The error I am getting is [Errno 32] Broken pipe File "/home/dell/rahmi/env/lib/python3.5/site-packages/websocket/_app.py", line 268, in _callback callback(self, *args) File "watson-test.py", line 35, in on_open ws.send(piece) File "/home/dell/rahmi/env/lib/python3.5/site-packages/websocket/_app.py", line 117, in send if not self.sock or self.sock.send(data, opcode) == 0: File "/home/dell/rahmi/env/lib/python3.5/site-packages/websocket/_core.py", line 234, in send return self.send_frame(frame) File "/home/dell/rahmi/env/lib/python3.5/site-packages/websocket/_core.py", line 259, in send_frame l = self._send(data) File "/home/dell/rahmi/env/lib/python3.5/site-packages/websocket/_core.py", line 423, in _send return send(self.sock, data) File "/home/dell/rahmi/env/lib/python3.5/site-packages/websocket/_socket.py", line 116, in send return sock.send(data) File "/usr/lib/python3.5/ssl.py", line 861, in send return self._sslobj.write(data) File "/usr/lib/python3.5/ssl.py", line 586, in write return self._sslobj.write(data)


Solution

  • I took a quick look at your code and saw that there is a missing part, you are not signalling the end of the audio stream after pushing all the audio in the on_open method. You can signal the end of audio by sending an empty binary message or a text message with the string {'action': 'stop'}, as described here: https://www.ibm.com/watson/developercloud/doc/speech-to-text/websockets.html I believe that is why you do not get any result.
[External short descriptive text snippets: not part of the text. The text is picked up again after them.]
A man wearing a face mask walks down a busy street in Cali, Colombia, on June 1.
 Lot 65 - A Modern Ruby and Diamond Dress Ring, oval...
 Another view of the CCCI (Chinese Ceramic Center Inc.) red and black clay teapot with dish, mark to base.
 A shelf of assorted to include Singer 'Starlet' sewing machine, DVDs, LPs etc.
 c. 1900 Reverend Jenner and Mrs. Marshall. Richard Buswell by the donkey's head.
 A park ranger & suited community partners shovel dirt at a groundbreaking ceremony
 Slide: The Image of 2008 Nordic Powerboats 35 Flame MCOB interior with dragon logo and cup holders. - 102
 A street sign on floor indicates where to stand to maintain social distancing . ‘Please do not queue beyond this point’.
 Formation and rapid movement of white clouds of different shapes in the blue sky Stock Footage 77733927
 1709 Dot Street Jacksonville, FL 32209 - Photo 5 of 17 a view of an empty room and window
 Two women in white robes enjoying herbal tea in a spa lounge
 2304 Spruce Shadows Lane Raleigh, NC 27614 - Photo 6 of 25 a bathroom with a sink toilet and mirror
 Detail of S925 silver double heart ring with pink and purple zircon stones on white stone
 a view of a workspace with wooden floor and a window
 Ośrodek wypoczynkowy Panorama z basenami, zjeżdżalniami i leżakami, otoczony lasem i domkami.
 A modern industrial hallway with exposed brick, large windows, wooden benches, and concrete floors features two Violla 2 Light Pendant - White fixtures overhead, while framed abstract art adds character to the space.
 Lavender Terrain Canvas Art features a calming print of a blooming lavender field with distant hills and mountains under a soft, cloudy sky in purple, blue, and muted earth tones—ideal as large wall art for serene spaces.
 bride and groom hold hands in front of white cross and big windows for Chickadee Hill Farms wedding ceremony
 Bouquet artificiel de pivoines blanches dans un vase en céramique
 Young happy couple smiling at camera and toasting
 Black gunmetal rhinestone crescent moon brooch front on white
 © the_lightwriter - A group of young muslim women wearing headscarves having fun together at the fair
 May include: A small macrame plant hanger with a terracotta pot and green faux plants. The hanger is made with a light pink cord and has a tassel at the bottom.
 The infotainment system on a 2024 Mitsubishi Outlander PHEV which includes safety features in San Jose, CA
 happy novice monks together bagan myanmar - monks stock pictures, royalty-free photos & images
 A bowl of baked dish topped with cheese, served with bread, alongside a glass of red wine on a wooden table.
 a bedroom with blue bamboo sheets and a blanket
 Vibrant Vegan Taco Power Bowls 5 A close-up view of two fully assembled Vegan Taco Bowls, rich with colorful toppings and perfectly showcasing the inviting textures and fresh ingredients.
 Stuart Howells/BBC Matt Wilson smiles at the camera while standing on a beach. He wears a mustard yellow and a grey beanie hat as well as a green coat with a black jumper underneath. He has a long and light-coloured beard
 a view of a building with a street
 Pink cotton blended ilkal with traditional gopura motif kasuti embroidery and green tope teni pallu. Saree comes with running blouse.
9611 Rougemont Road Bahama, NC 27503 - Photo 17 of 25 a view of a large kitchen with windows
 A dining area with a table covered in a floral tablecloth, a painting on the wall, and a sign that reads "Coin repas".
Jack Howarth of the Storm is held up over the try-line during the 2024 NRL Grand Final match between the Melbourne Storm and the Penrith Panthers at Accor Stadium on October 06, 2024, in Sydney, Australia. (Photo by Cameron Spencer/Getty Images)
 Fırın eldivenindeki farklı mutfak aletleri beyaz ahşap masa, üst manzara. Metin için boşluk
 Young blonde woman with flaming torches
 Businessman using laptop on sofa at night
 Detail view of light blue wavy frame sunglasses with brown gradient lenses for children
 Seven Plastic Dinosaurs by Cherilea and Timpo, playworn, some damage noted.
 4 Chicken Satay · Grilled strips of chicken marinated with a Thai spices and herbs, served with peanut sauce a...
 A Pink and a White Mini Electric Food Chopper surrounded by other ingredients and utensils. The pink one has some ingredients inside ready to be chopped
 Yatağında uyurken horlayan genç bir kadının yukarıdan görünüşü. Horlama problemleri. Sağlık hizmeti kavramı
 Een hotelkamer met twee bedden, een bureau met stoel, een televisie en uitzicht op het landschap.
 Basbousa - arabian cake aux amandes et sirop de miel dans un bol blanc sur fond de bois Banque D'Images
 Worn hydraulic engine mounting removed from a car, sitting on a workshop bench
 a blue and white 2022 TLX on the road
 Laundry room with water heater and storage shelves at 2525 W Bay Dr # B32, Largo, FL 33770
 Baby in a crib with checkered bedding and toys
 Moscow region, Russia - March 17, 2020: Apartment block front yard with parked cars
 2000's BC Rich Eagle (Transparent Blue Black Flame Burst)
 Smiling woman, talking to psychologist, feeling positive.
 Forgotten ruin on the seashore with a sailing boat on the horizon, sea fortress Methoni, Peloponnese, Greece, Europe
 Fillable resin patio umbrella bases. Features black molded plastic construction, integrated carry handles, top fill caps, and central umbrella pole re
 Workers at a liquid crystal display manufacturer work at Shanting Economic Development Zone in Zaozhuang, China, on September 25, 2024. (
Also please make sure you do not close the websocket until the server replies with the final result.

    Thank you for the answer Sayuri Mizuguchi, I actually wrote the code hosted in https://github.com/watson-developer-cloud/speech-to-text-websockets-python , which is a simple example of interacting with Watson STT via websockets. That project is being integrated into the Watson Python SDK here: https://github.com/watson-developer-cloud/python-sdk

    Regarding conversion to base64, you just need to make sure that the audio is sent as a binary message, websocket stacks usually come with the ability to send either a text message or a binary message.